EXERCISE INSTRUCTIONS
Whatever pictures appear, omit them, and repeat the data below exactly.

##########

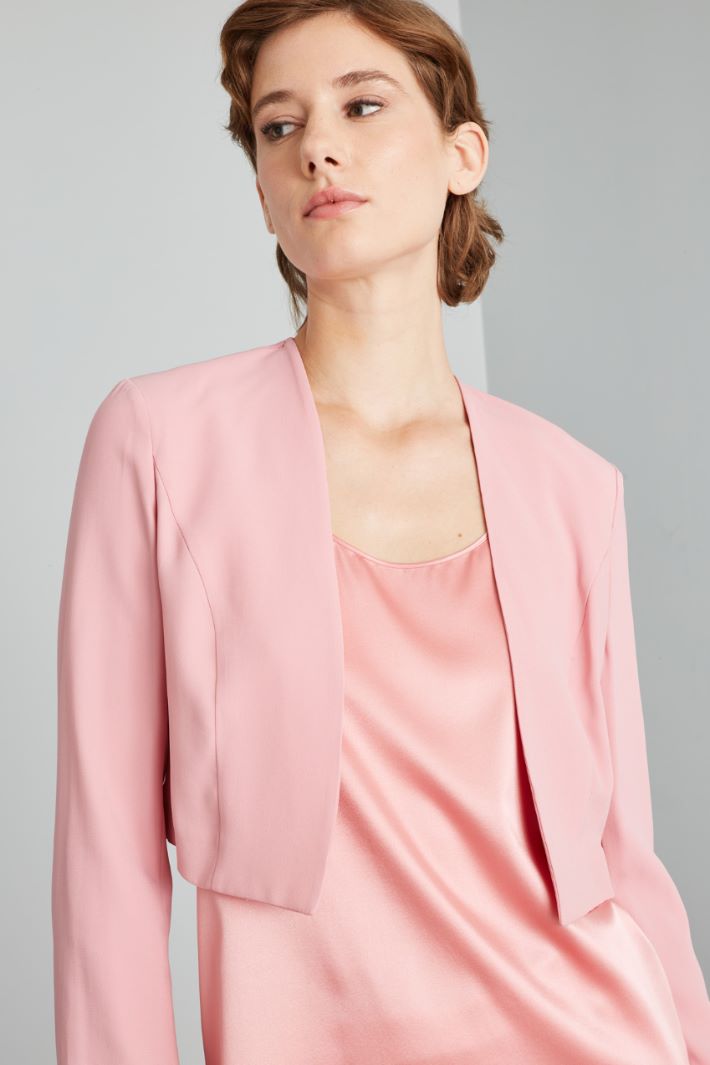 Envers satin bolero jacket Intrend - 4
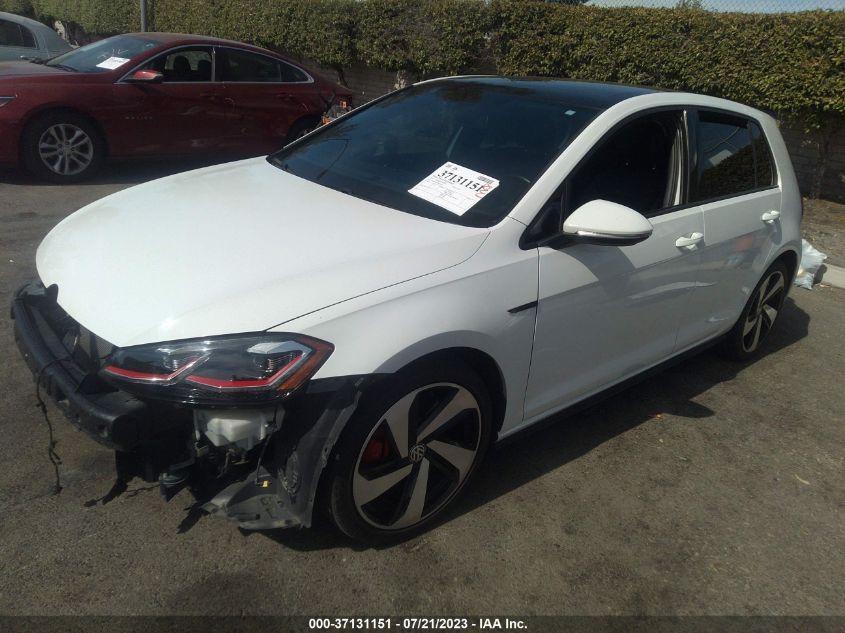 2019 VOLKSWAGEN GOLF GTI S/SE/AUTOBAHN - 3VW6T7AU2KM023465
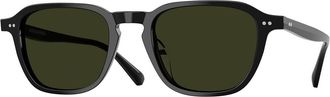 Oliver Peoples OV5598SU Emryn Polarized 1731P1 Mens Sunglasses Black Size 50
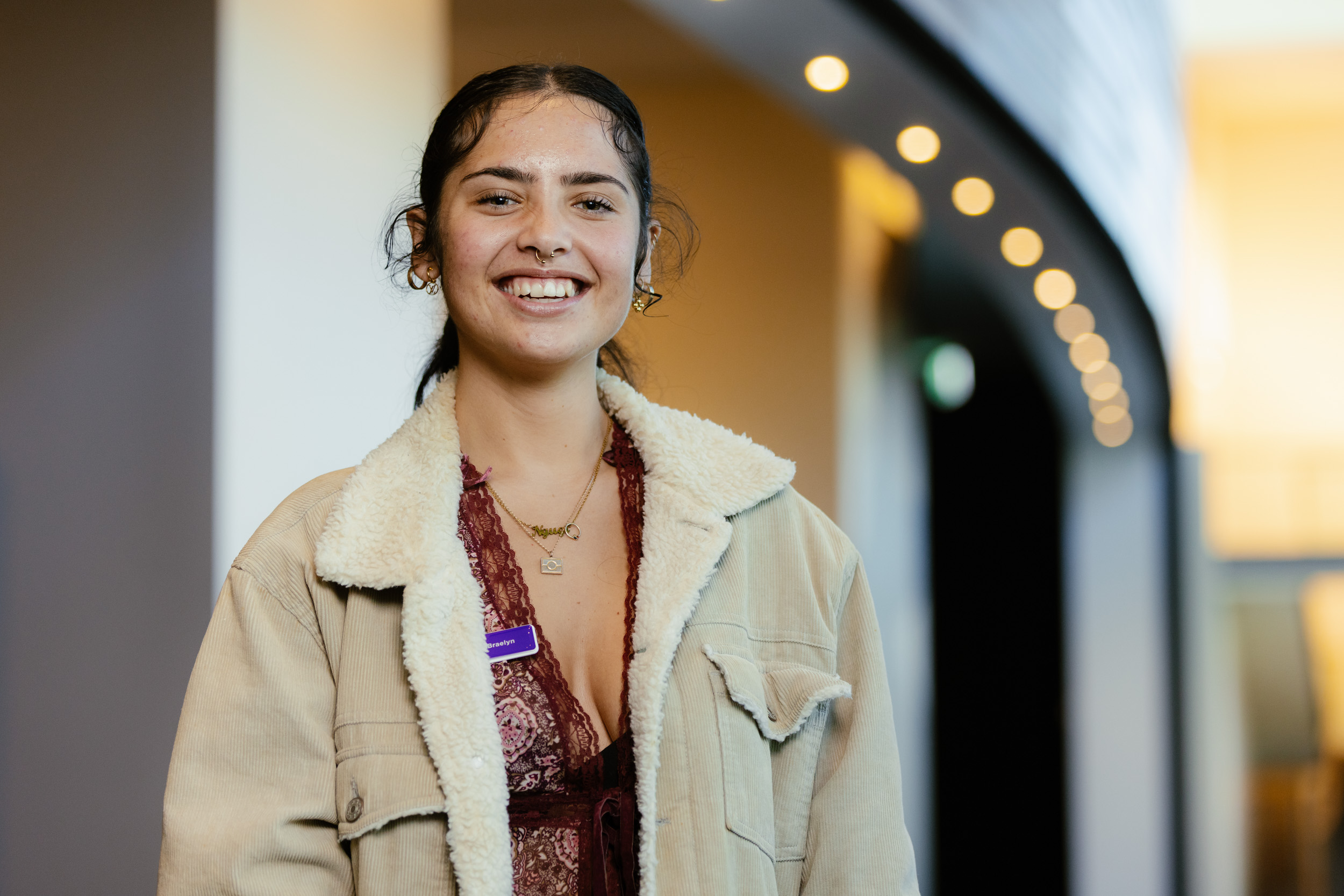 Headshot of 2024 UQ Art Museum Blaklash Curatorial Intern Braelyn Rolfe-Chase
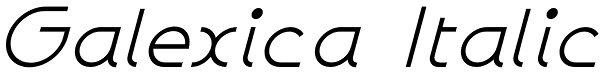 Galexica Italic Font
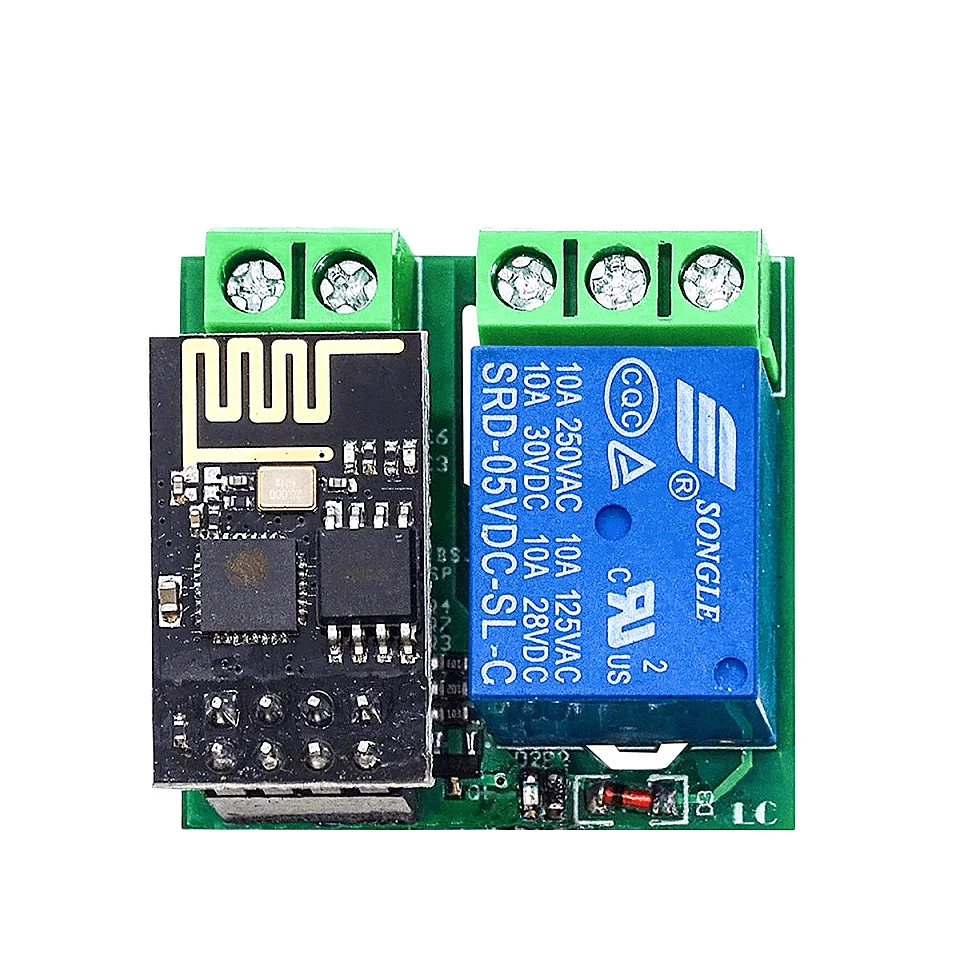 ESP8266 ESP-01/01S 1 channel WiFi relay module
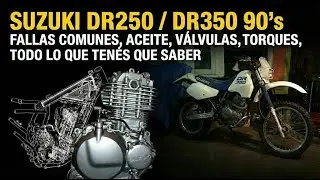 Suzuki DR250 / DR350 90&rsquo;s 🔧 Fallas Comunes, Aceite, V&aacute;lvulas, Torques y TODO lo que Ten&eacute;s que Saber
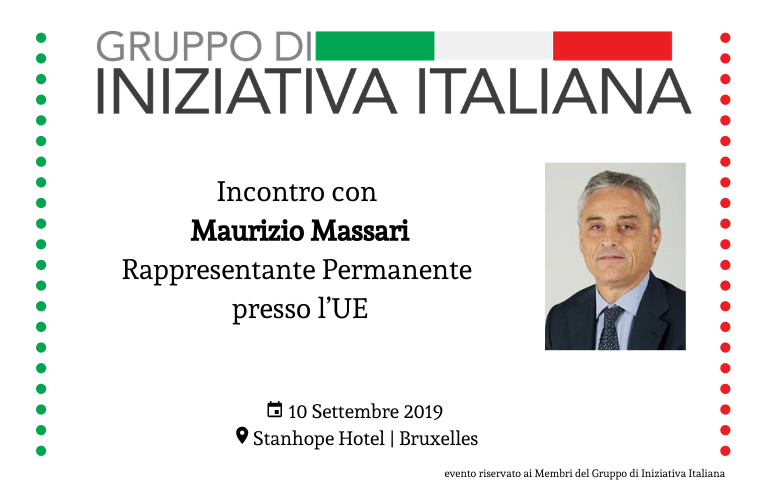 Incontro con Maurizio Massari|Rappresentante Permanente d’Italia presso l’UE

##########

SOLUTION BELOW
 Envers satin bolero jacket Intrend - 4
 2019 VOLKSWAGEN GOLF GTI S/SE/AUTOBAHN - 3VW6T7AU2KM023465
 Oliver Peoples OV5598SU Emryn Polarized 1731P1 Mens Sunglasses Black Size 50
 Headshot of 2024 UQ Art Museum Blaklash Curatorial Intern Braelyn Rolfe-Chase
 Galexica Italic Font
 ESP8266 ESP-01/01S 1 channel WiFi relay module
 Suzuki DR250 / DR350 90&rsquo;s 🔧 Fallas Comunes, Aceite, V&aacute;lvulas, Torques y TODO lo que Ten&eacute;s que Saber
 Incontro con Maurizio Massari|Rappresentante Permanente d’Italia presso l’UE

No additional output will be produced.